Here, the data is indexed by the columns price and product_name with a desired cube size of 5000. We map the indexed columns to a multidimensional space, where each dimension is normalized to the range [0, 1]. The price column is transformed linearly using a min/max scaler, and the product_name column is hashed.

The data is organized into different tree nodes (cubes) according to their position within the space, as well as their weight.
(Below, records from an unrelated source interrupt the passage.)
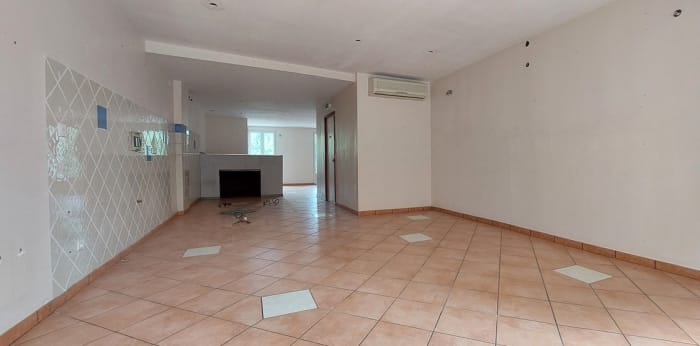Image 2 sur 4 - Bureaux  ·  Location · Digne Les Bains (04000) · 1 pièce · 62m²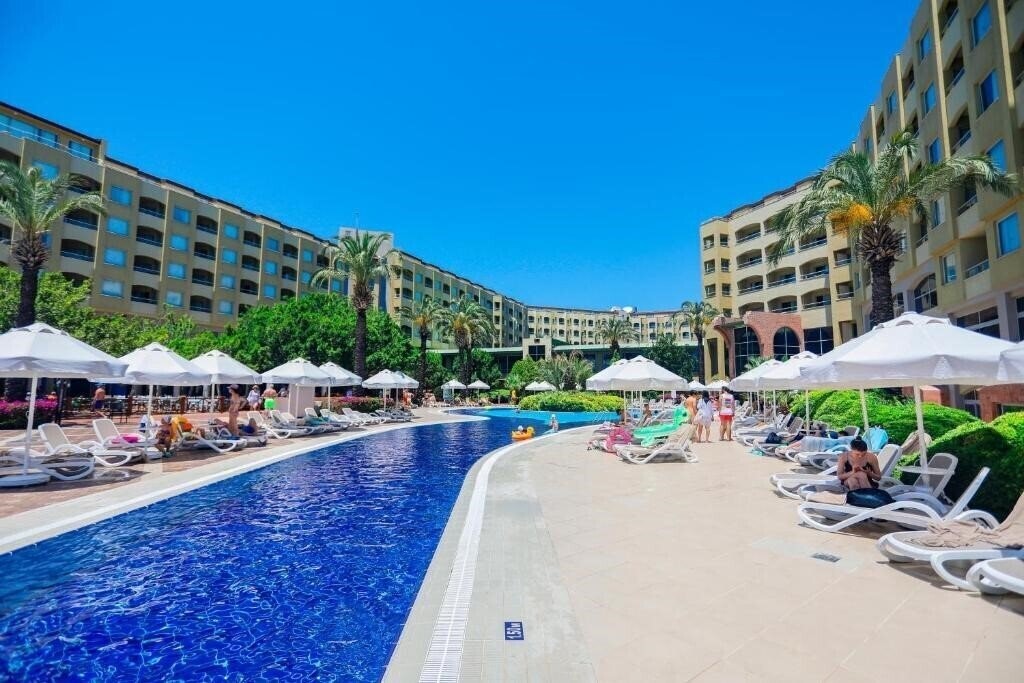 Апартаменты Selectum Family Resort Side 5*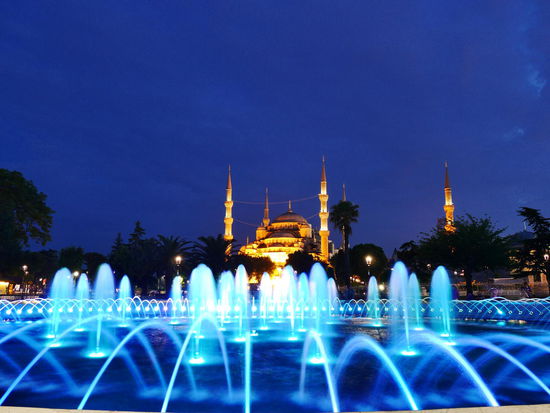 Blaue Moschee bei Nacht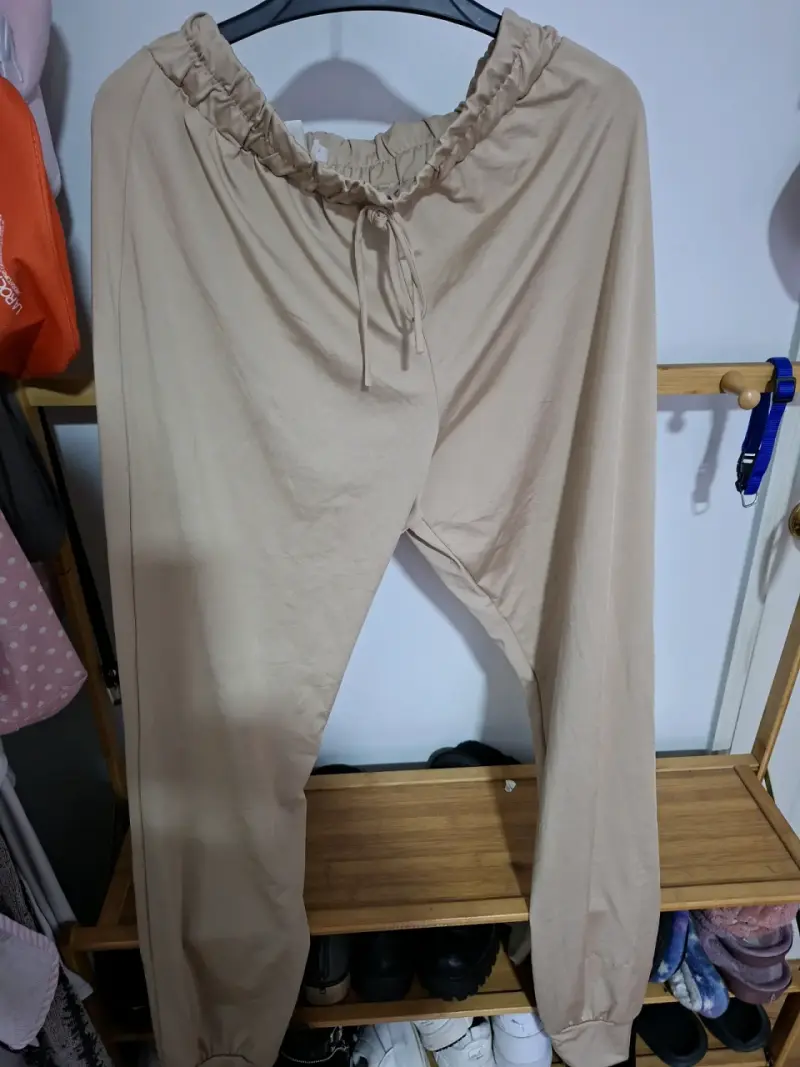 Pantalones beige con cintura elástica - 2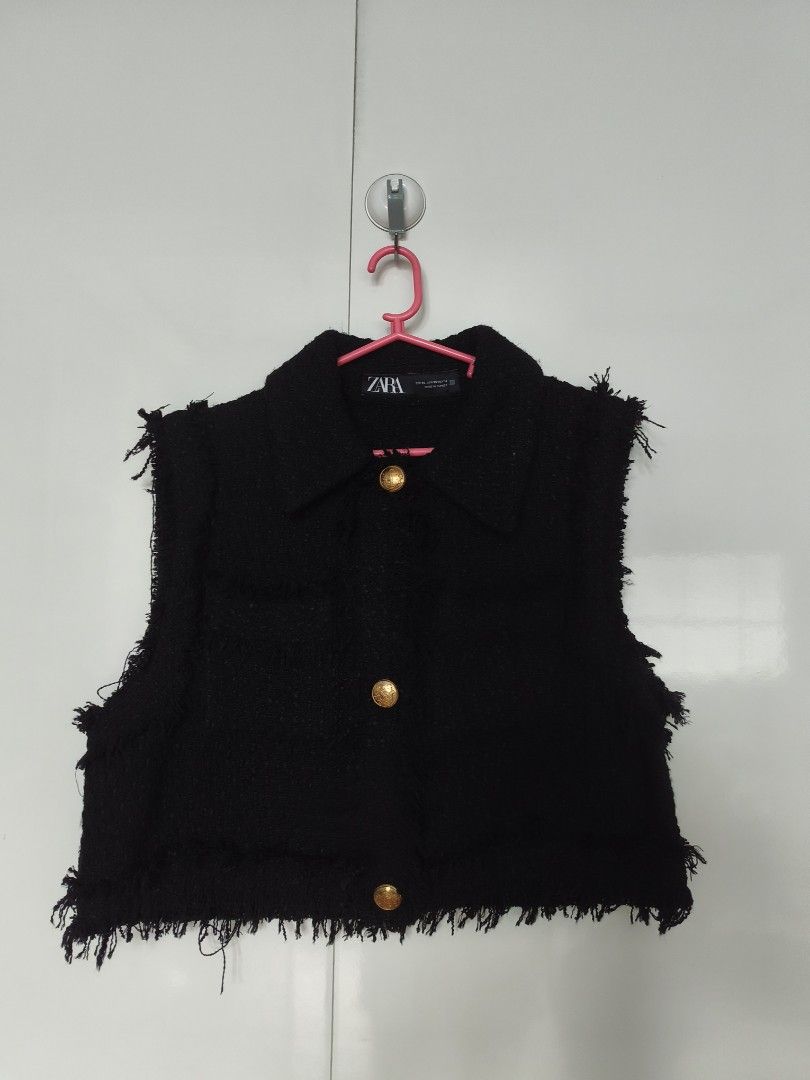 Zara Black Texture Waistcoat Crop (Category: Others Tops) located in Manila. Submitted by smilefashion08 (Listing ID 1459919306, Image 1). Description: Original Zara Fits XS-S.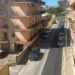 Veduta di via Monte Bianco a Ragusa con palazzi residenziali, auto in sosta e la strada dove è stata segnalata la presenza di ratti.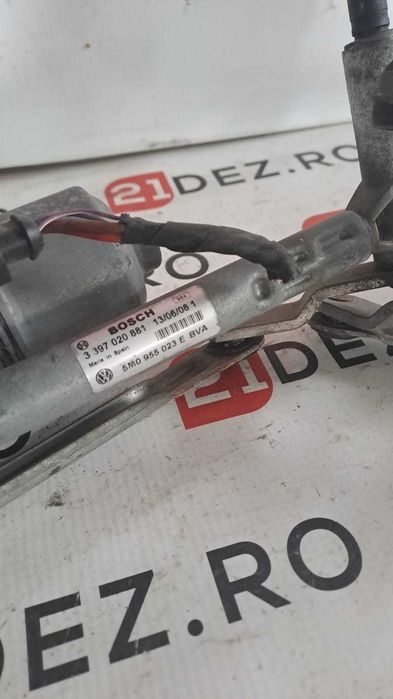 Ansamblu stergatoare cu motoras VW Golf 5 Plus / stanga dreapta 5m0955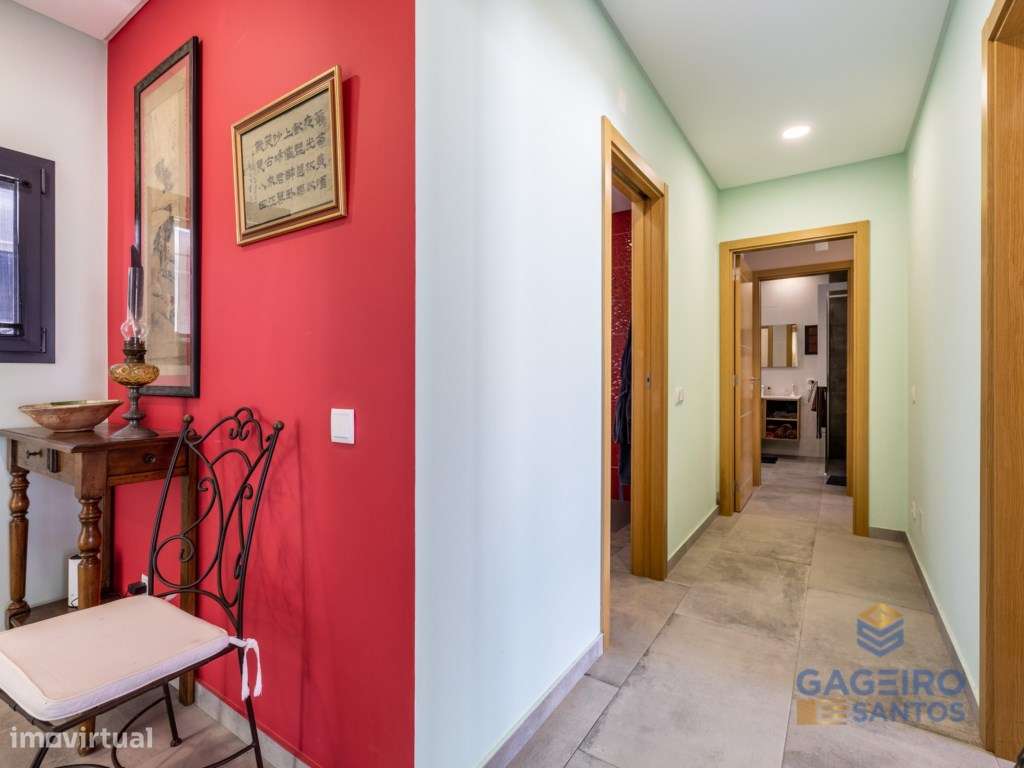 Moradia Térrea T3 Contemporânea com Piscina-31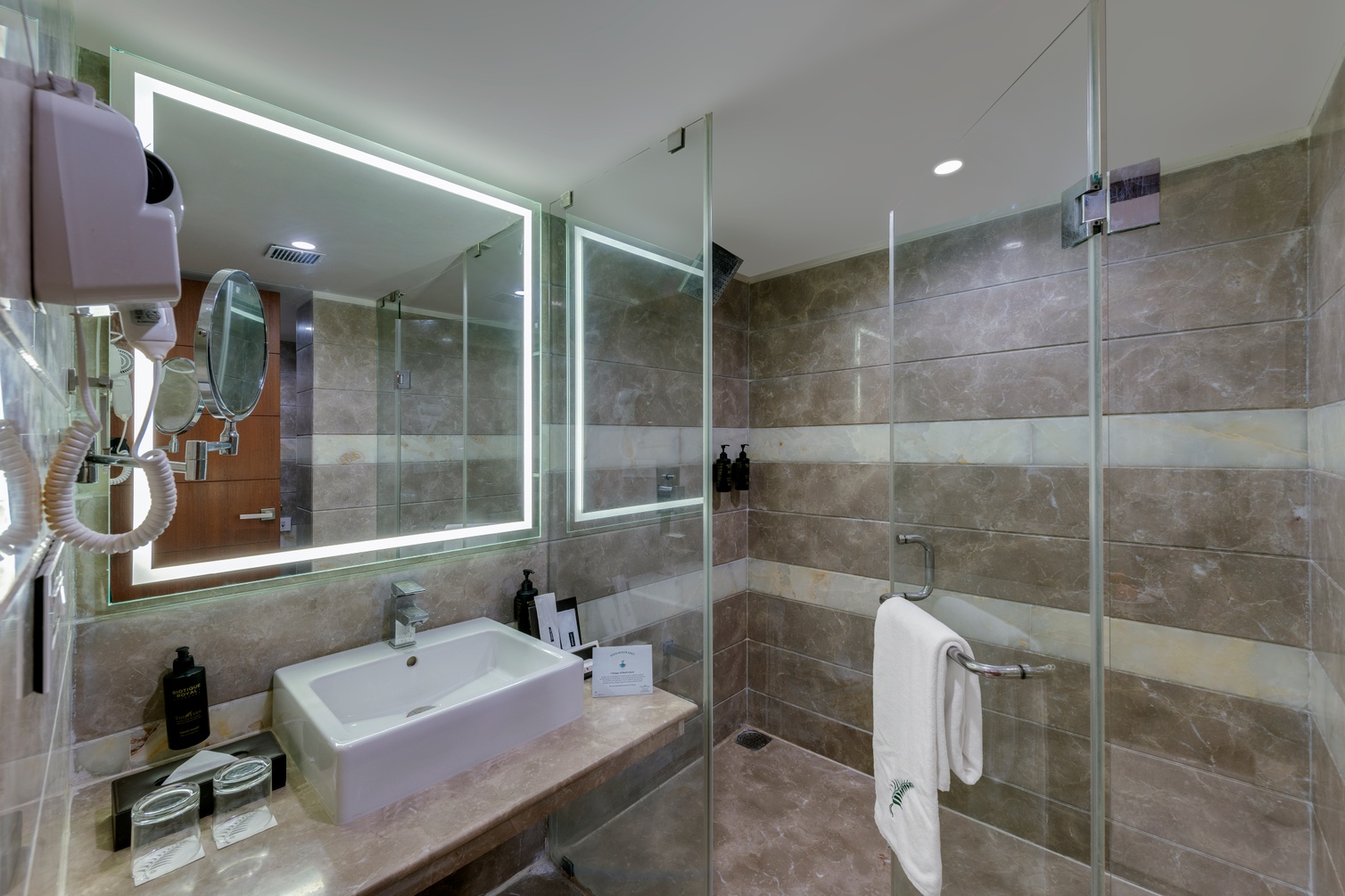 Hazel Suite, 1 King Bed at The Fern Residency Ellisbridge Ahmedabad - Photo 3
The coordinates of a record determine the space partition to which it belongs, and the record's weight is randomly assigned and dictates its position within the same tree branch.

The transformers and transformations determine how records are indexed:

Type	Transformer	Transformation	Description	Example Input Column Stats
linear	LinearTransformer	LinearTransformation	Applies a min/max scaler to the column values	Optional: {"col_1_min":0, "col_1_max":1}
linear	LinearTransformer	IdentityTransformation	Maps column values to 0	None
quantile(string)	CDFStringQuantilesTransformer	CDFStringQuantilesTransformation	Maps column values to their relative, sorted positions	Required: {"col_1_quantiles": ["a", "b", "c"]}
quantile(numeric)	CDFNumericQuantilesTransformer	CDFNumericQuantilesTransformation	Maps column values to their relative, sorted positions	Required: {"col_1_quantiles": [1,2,3,4,5]}
hash	HashTransformer	HashTransformation	Maps column values to their Murmur hash	None

Example:

df
 .write
 .mode("overwrite")
 .format("qbeast")
 .option("cubeSize", 5000)
 .option("columnsToIndex", "price:linear,product_name:quantile,user_id:hash") 
 .option("columnStats", """\{"price_min":0, "price_max":1000, "product_name_quantiles":["product_1","product_100","product_3223"]""")
 .save("/tmp/qb-testing")

Here, we are writing a DataFrame to a Qbeast table with the columns price, product_name, and user_id indexed.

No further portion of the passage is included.